I finally have a few minutes to myself. The boys are out, the baby is upstairs asleep, and there’s no pressing work to do. It’s Saturday morning. All is still.
My mind whirrs into action, trying to figure out what to do with this precious gift of time. Do I sit and write? Cook? Clean? Declutter? Do I call a friend? Dust off my yoga mat and move my body?
I choose to meditate. It’s been way too long.
I grab a cushion, sit myself down among the toys strewn around the floor. I set a timer for 20 minutes. On one hand it seems like nothing – I used to sit for an hour in the morning and an hour in the evening – and on the other hand… 20 uninterrupted minutes? That’s an eternity.
The bell dings, I settle in. My mind is a mess. Loud and frenetic. But of course, after a few minutes, it starts to settle. I sink into that familiar old sensation of being here. In the moment. In my body first and then in my mind.
At 9 minutes and 45 seconds a different bells dings – Little A, crying upstairs. At first I wait, maybe she’ll go back to sleep. Not happening.
So I take my meditation upstairs with me, I notice the cold of the stairs on my feet as I run up to her. I gather her up in her blankets and smell her little chocolate milkshake smell. I notice how my heart swells.
Something’s bothering her. She twists in my arms. So big and so expressive yet still such a baby.

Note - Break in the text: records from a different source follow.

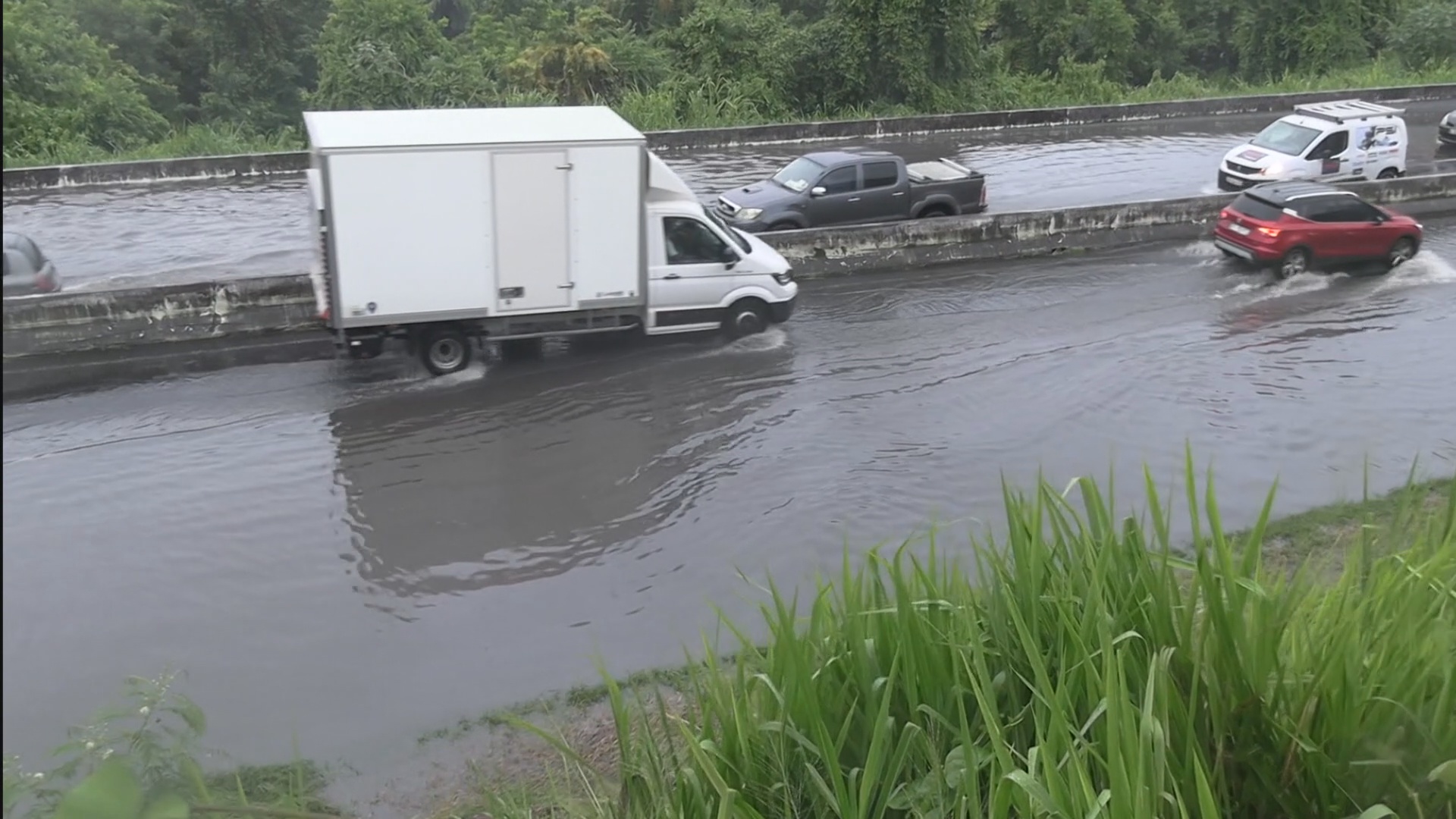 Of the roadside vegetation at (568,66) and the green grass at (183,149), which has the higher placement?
the roadside vegetation at (568,66)

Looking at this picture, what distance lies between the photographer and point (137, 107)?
30734mm

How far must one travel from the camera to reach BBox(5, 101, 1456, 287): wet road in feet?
62.7

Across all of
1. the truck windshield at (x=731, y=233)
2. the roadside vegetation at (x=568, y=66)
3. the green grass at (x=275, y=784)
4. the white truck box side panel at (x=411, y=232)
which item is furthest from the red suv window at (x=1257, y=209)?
the green grass at (x=275, y=784)

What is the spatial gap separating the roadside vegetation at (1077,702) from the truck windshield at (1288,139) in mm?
21042

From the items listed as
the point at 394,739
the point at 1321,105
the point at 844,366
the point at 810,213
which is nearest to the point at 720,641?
the point at 394,739

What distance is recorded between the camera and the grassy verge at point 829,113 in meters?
27.1

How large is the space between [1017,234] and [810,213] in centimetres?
Answer: 338

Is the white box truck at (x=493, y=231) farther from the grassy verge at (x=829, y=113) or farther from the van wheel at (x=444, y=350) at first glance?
the grassy verge at (x=829, y=113)

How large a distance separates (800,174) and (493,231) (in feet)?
25.4

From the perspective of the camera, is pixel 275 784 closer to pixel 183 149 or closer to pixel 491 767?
pixel 491 767

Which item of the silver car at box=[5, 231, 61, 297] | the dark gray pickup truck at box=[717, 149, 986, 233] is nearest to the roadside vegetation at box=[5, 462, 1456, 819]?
the silver car at box=[5, 231, 61, 297]

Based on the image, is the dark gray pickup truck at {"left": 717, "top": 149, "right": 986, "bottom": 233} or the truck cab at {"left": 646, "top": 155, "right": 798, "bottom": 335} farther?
the dark gray pickup truck at {"left": 717, "top": 149, "right": 986, "bottom": 233}

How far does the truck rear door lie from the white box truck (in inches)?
223

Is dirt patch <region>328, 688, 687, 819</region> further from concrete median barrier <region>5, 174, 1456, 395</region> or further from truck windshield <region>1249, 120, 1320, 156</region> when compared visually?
truck windshield <region>1249, 120, 1320, 156</region>
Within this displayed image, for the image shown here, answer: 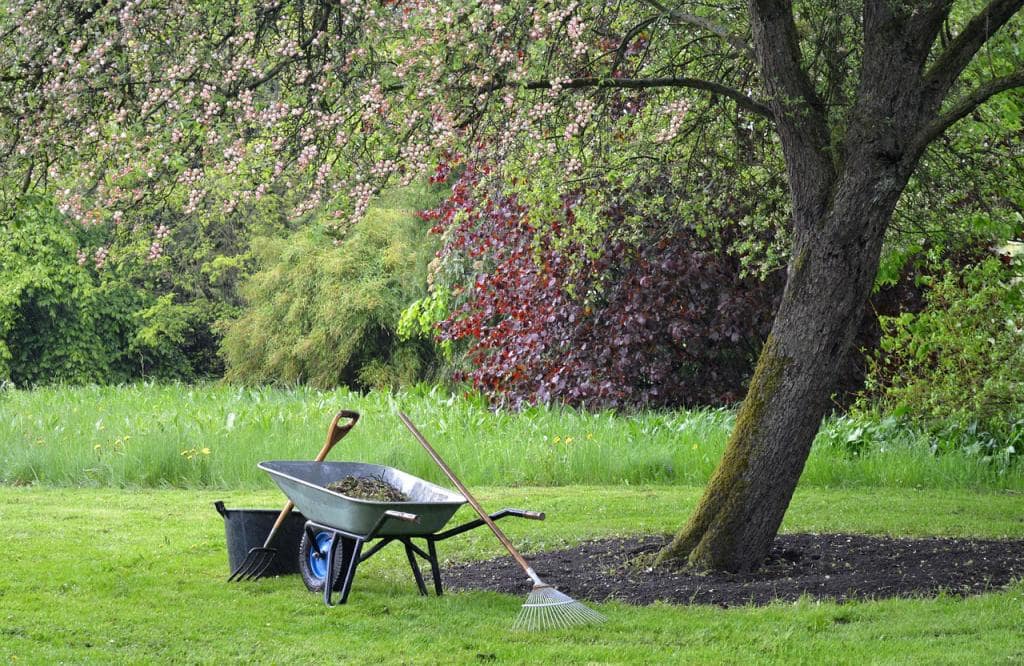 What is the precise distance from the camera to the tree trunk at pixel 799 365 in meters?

For once, I’m actually there with her. Not looking at my phone over her shoulder, not wishing she’d hurry up and get to sleep so I can start getting GG into bed, or get back to work, or go to sleep myself.
She gets herself comfortable in the nook of my elbow, rests her little head and drifts back off. She reaches for my face in her sleep.
And I’m still there, still meditating, present with her. I am hers and she is mine. I’m pretty sure I can feel the oxytocin flooding my body.
I look down at her peaceful face and realize I don’t take photos of her sleeping anymore. I used to do it all the time when she was little. Another reminder that time is passing. As it always does. That it’ll pass no matter what.
To be honest, at first when I heard her voice as I was meditating I felt annoyed. I can’t even get 20 minutes uninterrupted.
But as I snuggled her back into her bed I felt so grateful I could cry. I feel so far away from my kids through long days at the office during the week. Through rushed bedtimes and difficult mornings.
This is the antidote – actually being with them when I’m with them.
She relaxes into her bed and I come back downstairs, free again. Time to chop veggies, sort out bags for the new week, tidy up a bit. Maybe I’ll finish the meditation later. It’s the usual grind, but hopefully I can be a little more present as I move through it.